A bond fund is a mutual fund filled with bonds. There are different types of bond funds, however. Some contain only U.S. government bonds; others will contain only corporate bonds. The interest/dividend payments made by the fund can be less than if you held the bonds individually.
Bond laddering is a portfolio of bonds with different maturity dates. You would line up the bonds from the earliest to latest maturity date. The bonds should make interest payments every 6 months until the bond matures. At maturity date you will receive your principal back.
A stock fund can vary depending on what kinds of stocks the portfolio manager invests in. Growth funds invest in growth oriented stocks and sectors, like technology. Value funds focus on large companies or stable industries that usually pay a dividend.

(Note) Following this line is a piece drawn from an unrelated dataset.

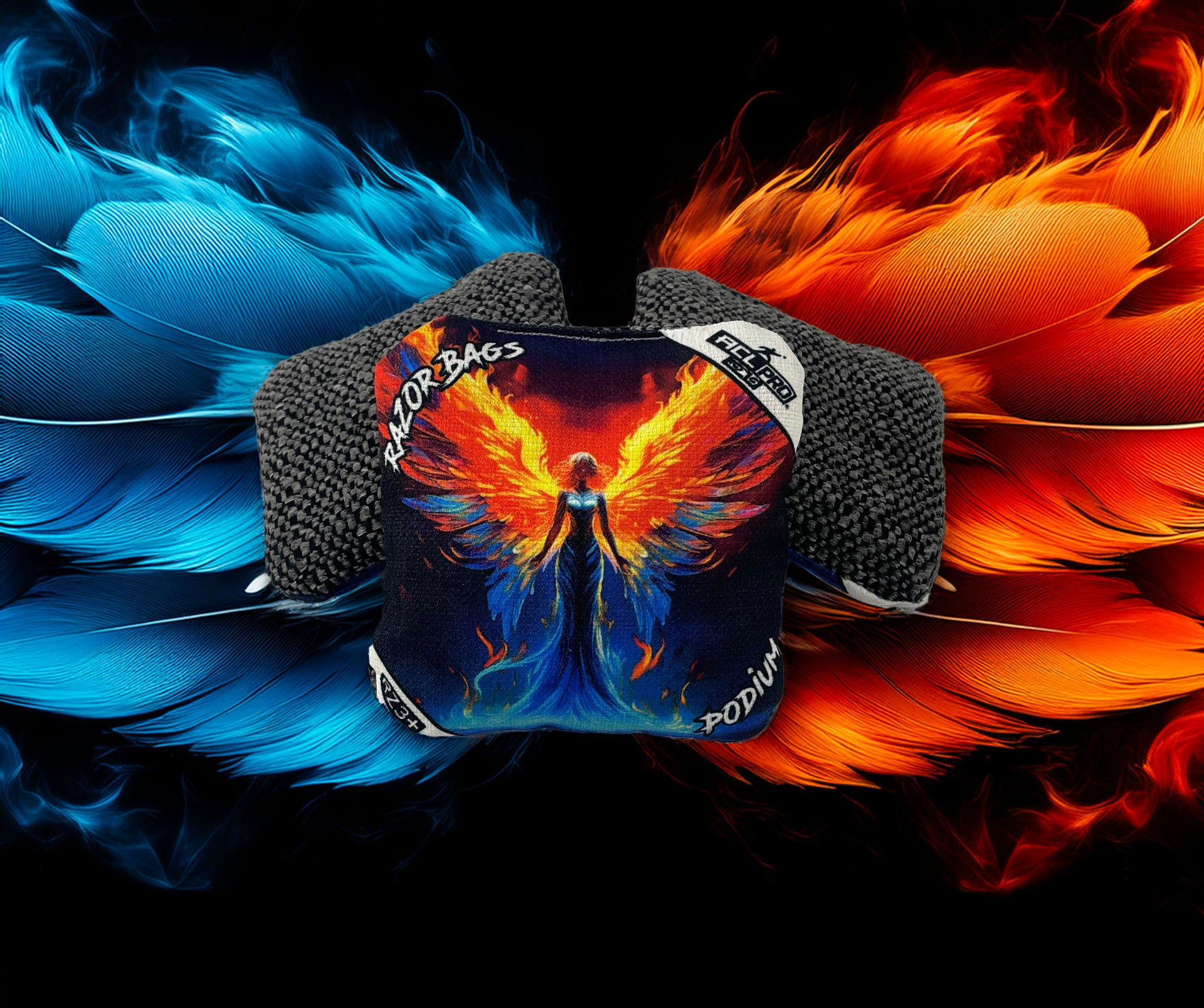 Razor Podium Flame Angel Corn hole Bags ACL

A dividend stock by definition is any stock that pays a dividend. Most of these are called blue chip stocks, which are large, established businesses. The advantage of a dividend stock is the income received from the dividend and also the growth potential of an equity.
Closed End Fund
A closed end fund is managed similar to a mutual fund, but the portfolio manager tends to focus on income related securities. These securities can be bonds, dividend stocks, and many others. A closed end fund generally has a large dividend yield, sometimes over 10%.
A Real Estate Investment Trust is one way to invest in properties without taking as big a risk. REITs can vary in characteristics depending on what types of properties it invests in. An appropriate REIT for a retiree would be one that invested in commercial or residential properties that collect lease payments.
An immediate annuity is an insurance product. The investor usually takes a large sum of money and purchases an immediate annuity. The investor will start receiving annuity payments right away and they will last until the person passes away. The only way payments cease is if the insurance company became insolvent.
A rental property is a unique way to create income every month. This is not for everyone because some people in retirement don’t want to be a landlord. It is, however, a great way to keep your mind sharp and prevent you from adopting a sedentary lifestyle.
There are a variety of investments that can help you fund your retirement. You should not just pick one, though. A diversified portfolio is a popular strategy to spread the risk among different investments.
Each of the investments listed above have their own unique advantages, disadvantages, and risks. Diversification does not guarantee investment gains or guarantee against decreases. When making investment decisions use the time horizon, risk tolerance, and investment objective unique to you. Please consult with a financial professional before making any investment decisions.